*** Opening EXTRACTED INFORMATION ***
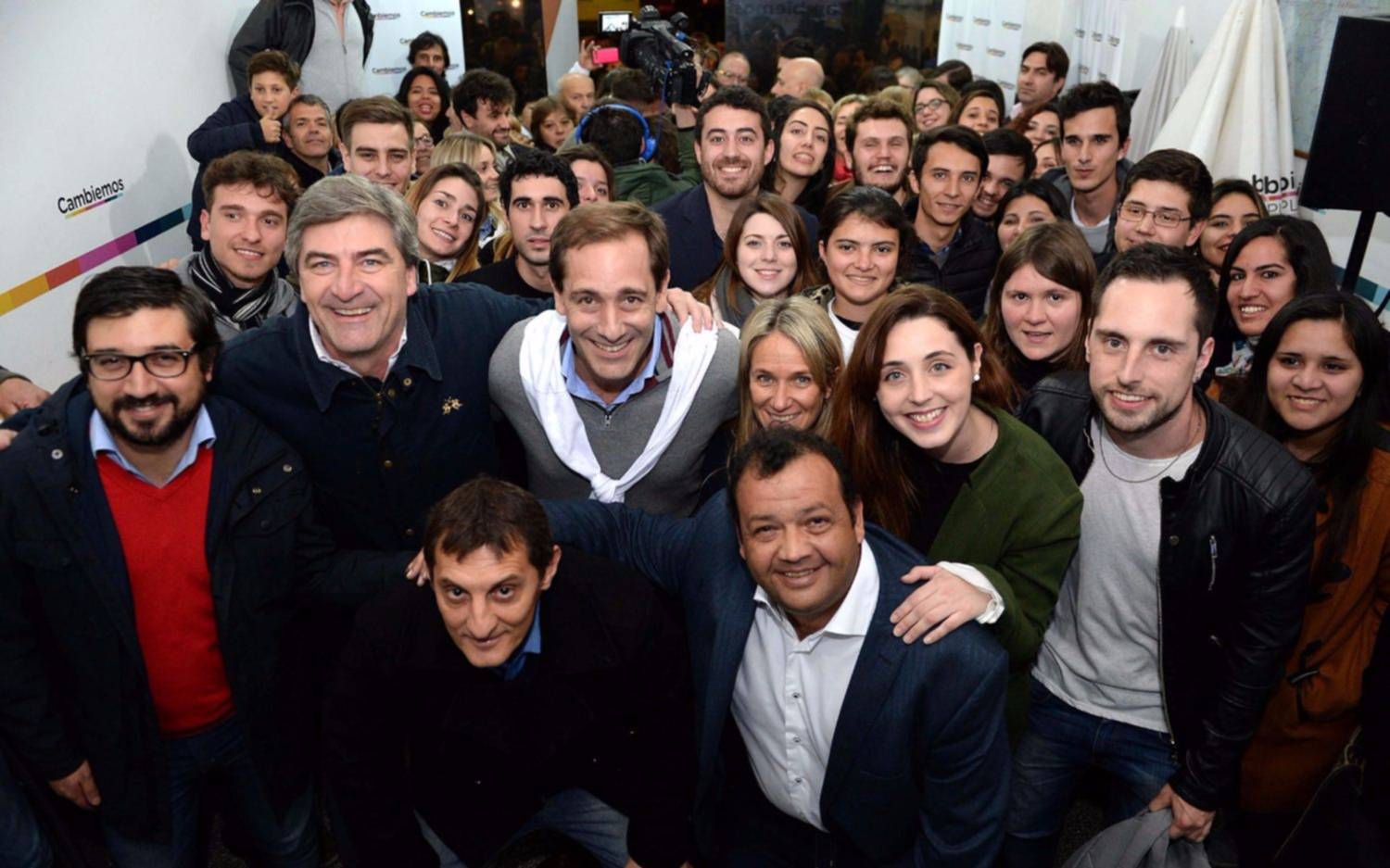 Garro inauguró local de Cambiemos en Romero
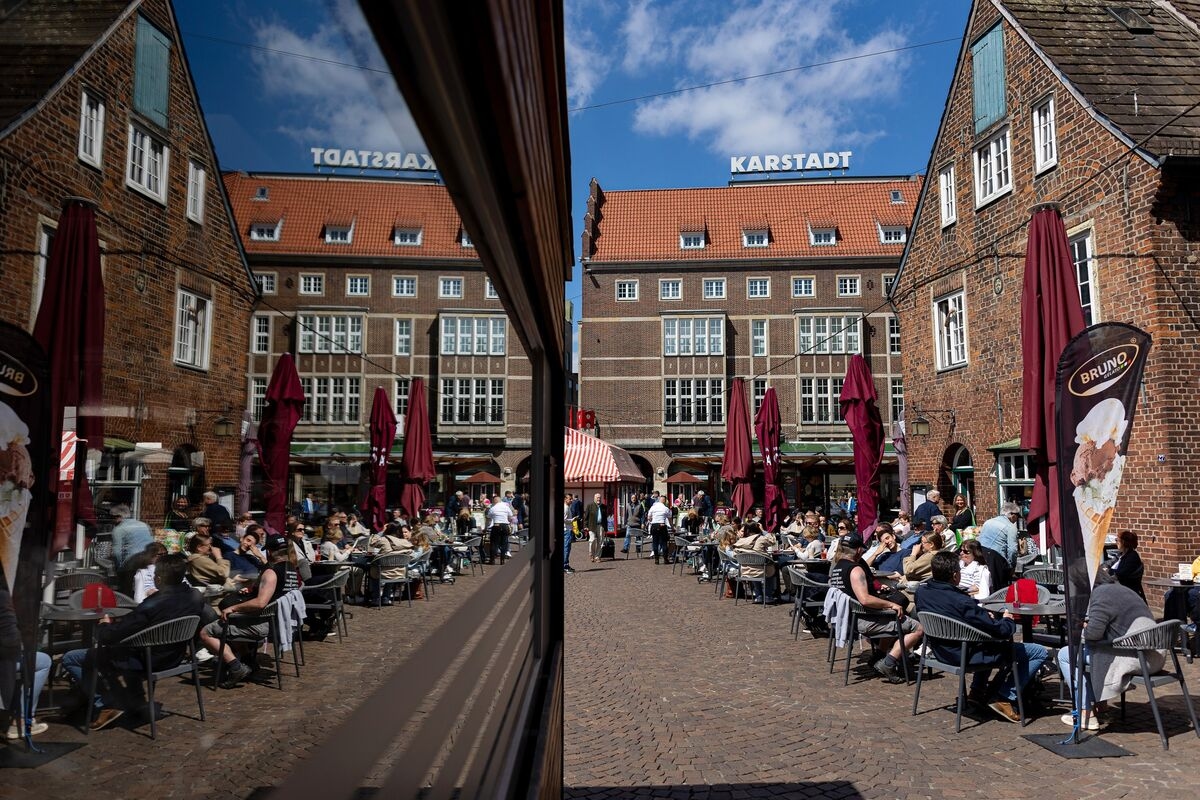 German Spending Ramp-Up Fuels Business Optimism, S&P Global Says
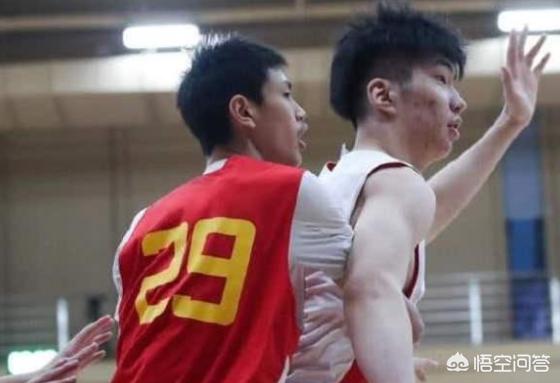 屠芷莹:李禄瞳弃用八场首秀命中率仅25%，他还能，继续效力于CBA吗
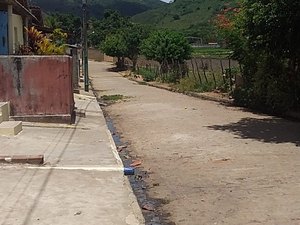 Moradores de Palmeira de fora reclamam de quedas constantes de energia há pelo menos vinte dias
*** Closing EXTRACTED INFORMATION ***
*** Opening EXTRACTED INFORMATION ***
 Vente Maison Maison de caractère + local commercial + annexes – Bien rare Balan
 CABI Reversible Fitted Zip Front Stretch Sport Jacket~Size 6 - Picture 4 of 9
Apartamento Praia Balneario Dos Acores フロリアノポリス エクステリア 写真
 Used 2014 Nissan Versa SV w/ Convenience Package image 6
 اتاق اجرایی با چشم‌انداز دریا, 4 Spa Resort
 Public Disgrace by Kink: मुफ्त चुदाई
*** Closing EXTRACTED INFORMATION ***
◆ **WHAT THE TASK ASKS**
If a picture sits between the line containing "Garro inauguró local de Cambiemos en Romero" and the line containing "Moradores de Palmeira", leave it out, and return the lines of that range above exactly, both ends included.

◆ **ANSWER TO THIS EXERCISE**
 Garro inauguró local de Cambiemos en Romero
 German Spending Ramp-Up Fuels Business Optimism, S&P Global Says
 屠芷莹:李禄瞳弃用八场首秀命中率仅25%，他还能，继续效力于CBA吗
 Moradores de Palmeira de fora reclamam de quedas constantes de energia há pelo menos vinte dias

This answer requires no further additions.